Would you transcribe the listing that follows word for word, skipping pictures?

> _Data provided_
━━━━━━━━━━━━━━━━━━━━━━━━━━━━━━
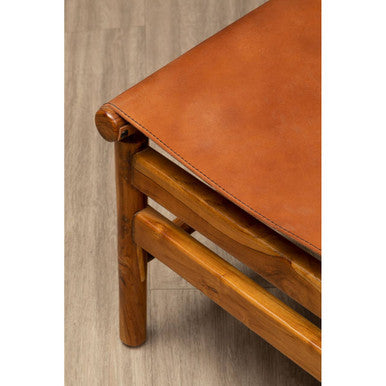 Kendari Brown Leather & Teak Modern Sling Chair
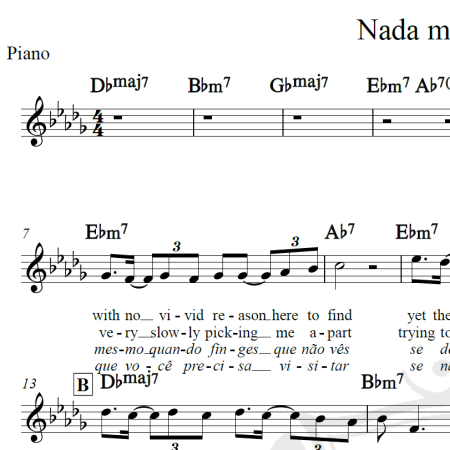 Lately (Nada mais) - Stevie Wonder - Piano/Vocal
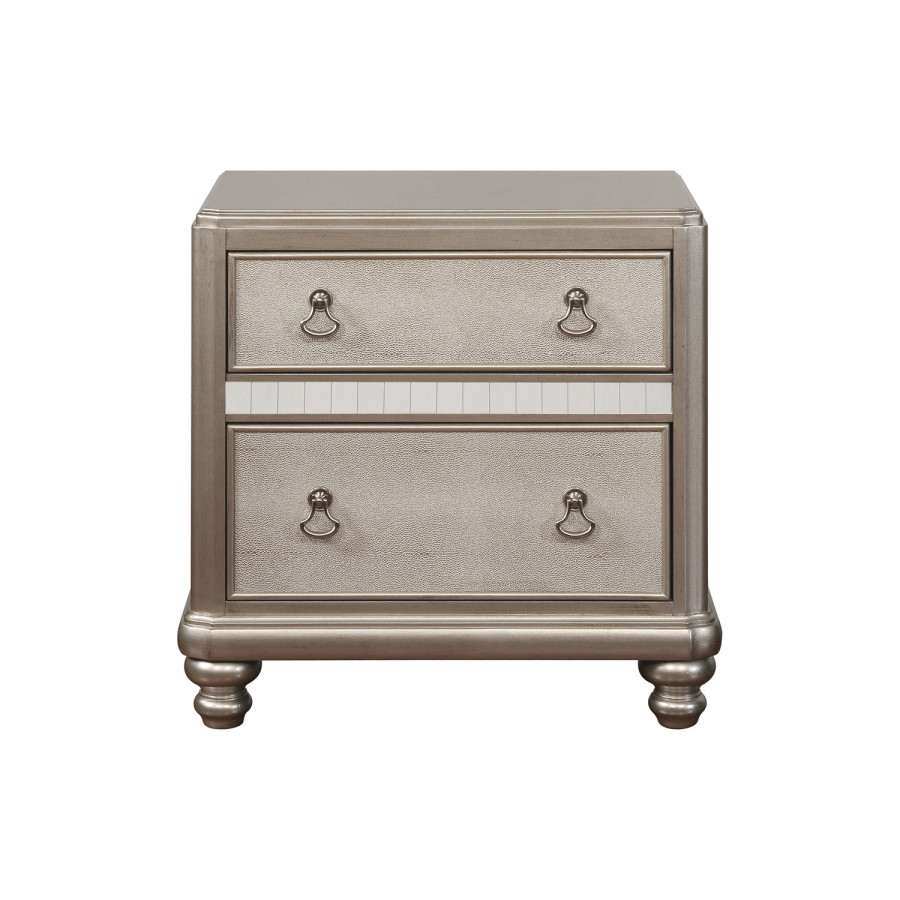 Coaster - Bling Game 2-Drawer Nightstand in Metallic Platinum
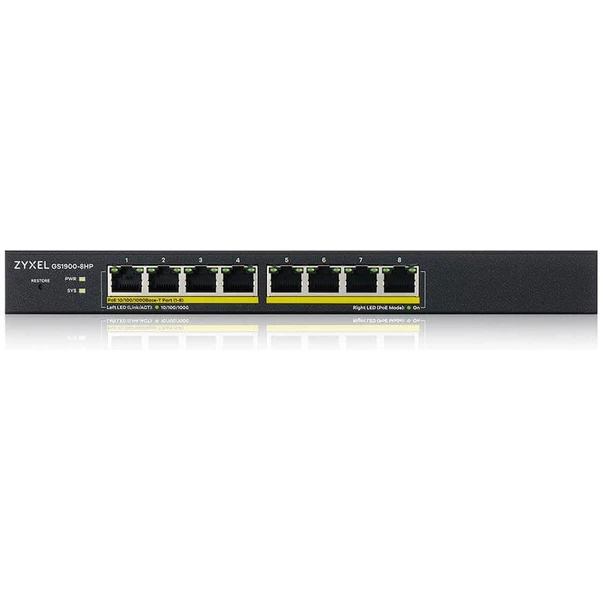 Zyxel GS1900-8HP switch - Switche - Obrázok HK59000N01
━━━━━━━━━━━━━━━━━━━━━━━━━━━━━━
> _Finished task_
 Kendari Brown Leather & Teak Modern Sling Chair
 Lately (Nada mais) - Stevie Wonder - Piano/Vocal
 Coaster - Bling Game 2-Drawer Nightstand in Metallic Platinum
 Zyxel GS1900-8HP switch - Switche - Obrázok HK59000N01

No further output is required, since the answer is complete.